-- THE RECORDS --

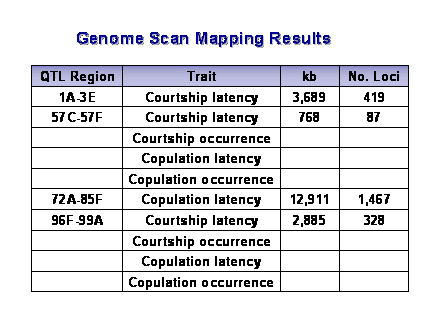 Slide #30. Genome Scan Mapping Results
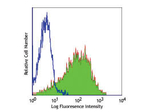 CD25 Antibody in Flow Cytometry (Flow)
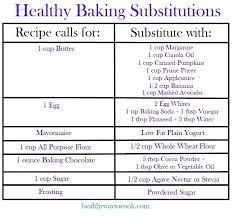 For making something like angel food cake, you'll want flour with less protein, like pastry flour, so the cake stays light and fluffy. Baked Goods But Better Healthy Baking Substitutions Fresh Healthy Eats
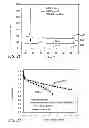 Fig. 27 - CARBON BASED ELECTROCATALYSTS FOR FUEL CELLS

--

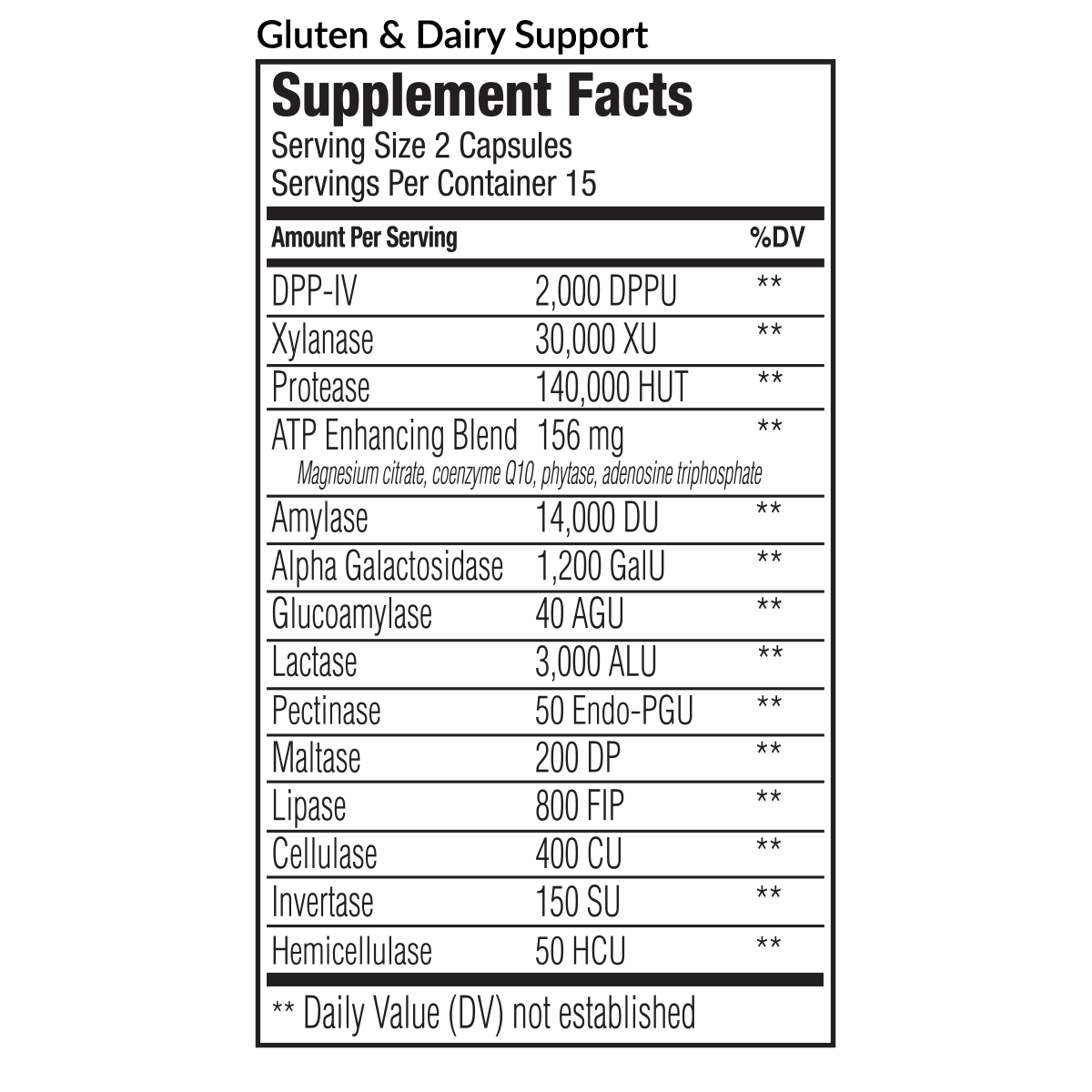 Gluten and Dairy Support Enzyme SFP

-- WORK TASK --
Leaving all pictures out, output exactly the lines of the material above from the line with "For making something" to the line with "Fig. 27 - CARBON", both included.

-- PROBLEM SOLUTION --
 For making something like angel food cake, you'll want flour with less protein, like pastry flour, so the cake stays light and fluffy. Baked Goods But Better Healthy Baking Substitutions Fresh Healthy Eats
 Fig. 27 - CARBON BASED ELECTROCATALYSTS FOR FUEL CELLS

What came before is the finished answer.